Kiki Mitchell was born at Newport Hospital (and is the sister of this writer). She has been hospitalized three times — for a broken collarbone when she was 16, and in 1971 and 1973 when her two children were born. Mitchell has also witnessed the quality of care given to family members — her mother passed away there in 1981.

“I have so many memories of being there,” Mitchell says. “The best is that in1971 my husband was the first father ever allowed in the delivery room.” When her daughter was admitted a few years later, “I was the first mother ever allowed to sleep in an admitted child’s room.” Rules were bent to ease her stress in an approach that was holistic long before the word became integral to hospital policy. “How amazing to think,” Mitchell added, “of neither being the case today.”

“Newporters” since birth

There is no right or wrong answer to the longstanding — but friendly — dispute about the pedigree of a true Newporter requiring a birth certificate issued from Newport Hospital. But it does illustrate how authentically people here want to be born “Newporters.”

For the many parents who have birthed their babies more recently in the spa-like setting of Newport Hospital, it was Noreen Stonor Drexel’s gift to the hospital in the early 1990s that transformed the experience. Since it was built in 1995, more than 13,000 little Newporters have been born. The center underwent a major renovation in 2015 and reopened as one of the premier birthing facilities in the state.

The Noreen Stonor Drexel Birthing Center Newport Hospital | Courtesy of Newport Hospital

Holding the scissors front and center at the 2015 ribbon-cutting was nurse-midwife Karolyn Zambrotta, who has been associated with the hospital for nearly 40 years.

Chicago-born, Zambrotta came to Newport in the early 1980s and got her diploma from the School of Nursing in 1984. She had not decided on a specialty until her son was born at the hospital in1985 — when the maternity ward “was still on the ground floor of the Tower and all the babies were on view right there.” Coincidentally, the Navy hospital had just closed its maternity ward, and Newport was experiencing a baby boom of sorts.

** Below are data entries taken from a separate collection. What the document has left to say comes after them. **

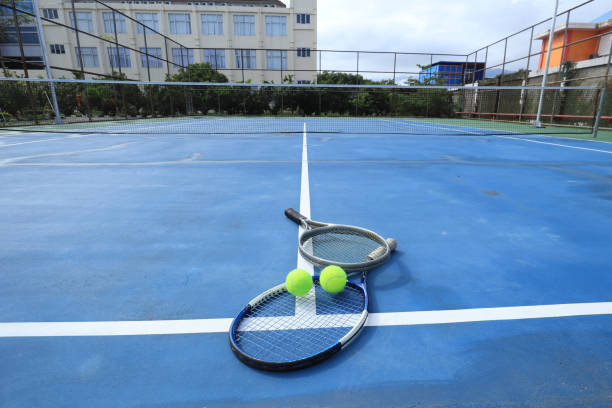 istock Close up view tennis ball with racket 1941320696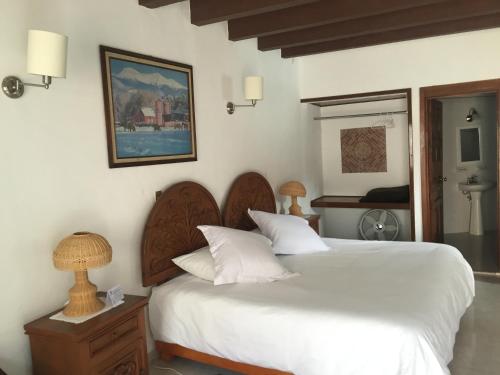 1 dormitorio con 2 camas y mesa con lámpara en Posada del Virrey, en Tequisquiapan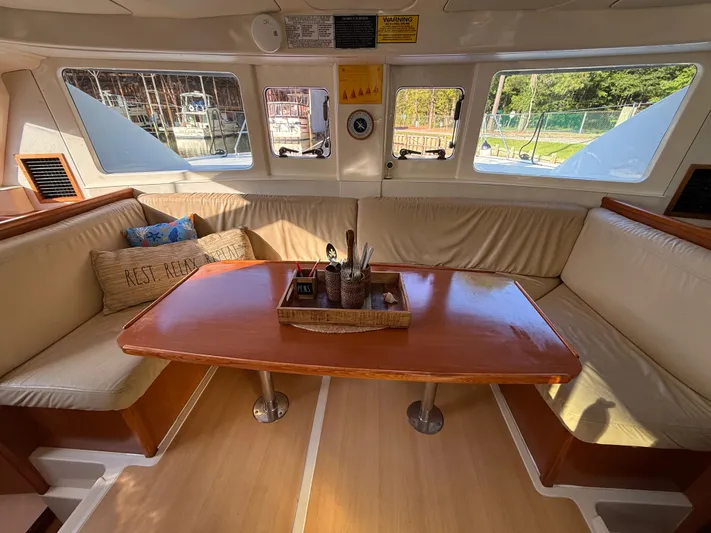 Selah Yacht Photos Pics Cozy interior of 2010 Leopard 38 catamaran with wooden table and cushioned seating.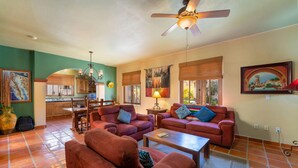 A spacious living room with two red sofas, a coffee table, and a dining area with a kitchen in the background. - Casa Patricia by Casago (Loreto)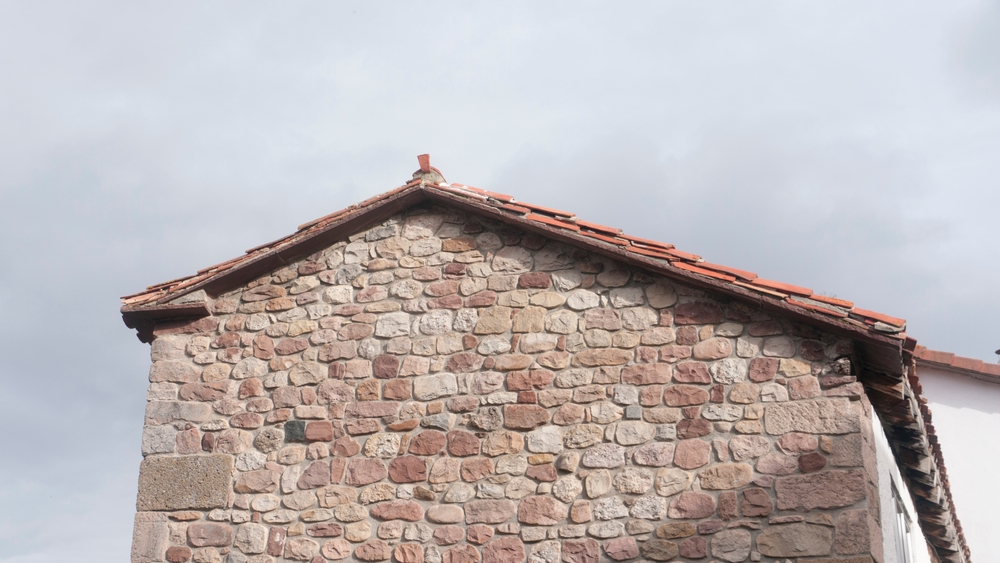 An old stone builting with a double-pitched saltbox roof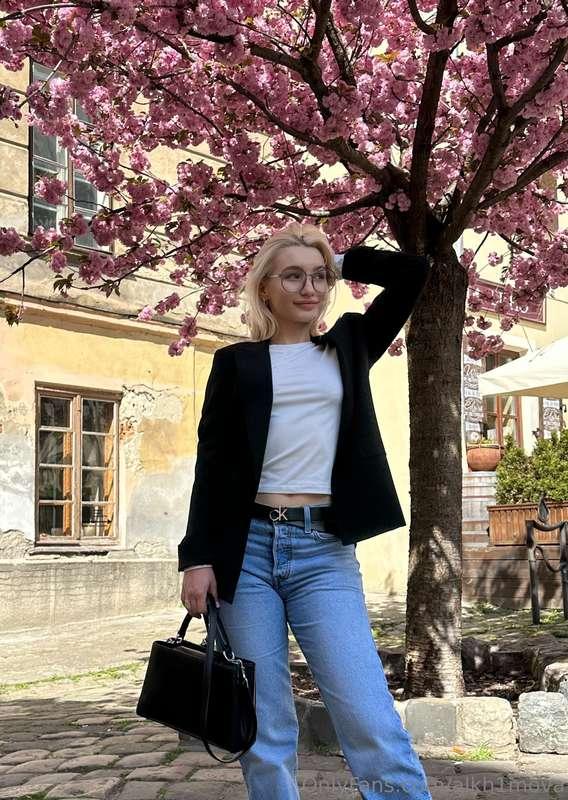 A cozy spring day under a beautifully blooming village tree,..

Zambrotta saw an opportunity, got training, and worked there from 1985-2000, during which time she trained as a midwife. She left in 2000 for a job in Taunton but returned to Newport in 2015.

The people drew her back in.

“They were so welcoming. I knew a lot of the nurses and administrators; a lot of the staff were still there,” she says.

Like Durand and McLaughlin, Zambrotta recognized a quality not found everywhere: the indelible aura of a caring community at work. “It wasn’t really ingrained elsewhere the way it was in Newport. Here you see everybody around you, watch their babies grow, the families grow.”

Zambrotta has countless stories, but as one might imagine, “my one special moment was that I delivered my grandson.” Now, she adds, “I see my kids’ friends having babies. It’s so nice. It’s just a part of life that’s so special.”

A timeless appeal

Ledyard’s “Appeal” in May of 1872 to help “the sick and injured who are unable to obtain at home the care and attention they require” was a call to action.

Durand says that if she could have a conversation with Ledyard today, “I would want to express my gratitude for bringing Newport Hospital to life,” she says, “and share that the same principles from 1873 hold true today.”

Both Durand and McLaughlin are particularly proud of the hospital’s response to what McLaughlin referred to as the “trauma of the pandemic.” Their objective, she said, was to “remain hyper-focused on the well-being of the staff,” which enabled the hospital, as a team, to “rise above it all and really take charge.”

Durand agrees. “I would also like to share with Ledyard that our blood type is grit, which I believe was tested,” she says. “I believe he would have been proud of our health-care team.”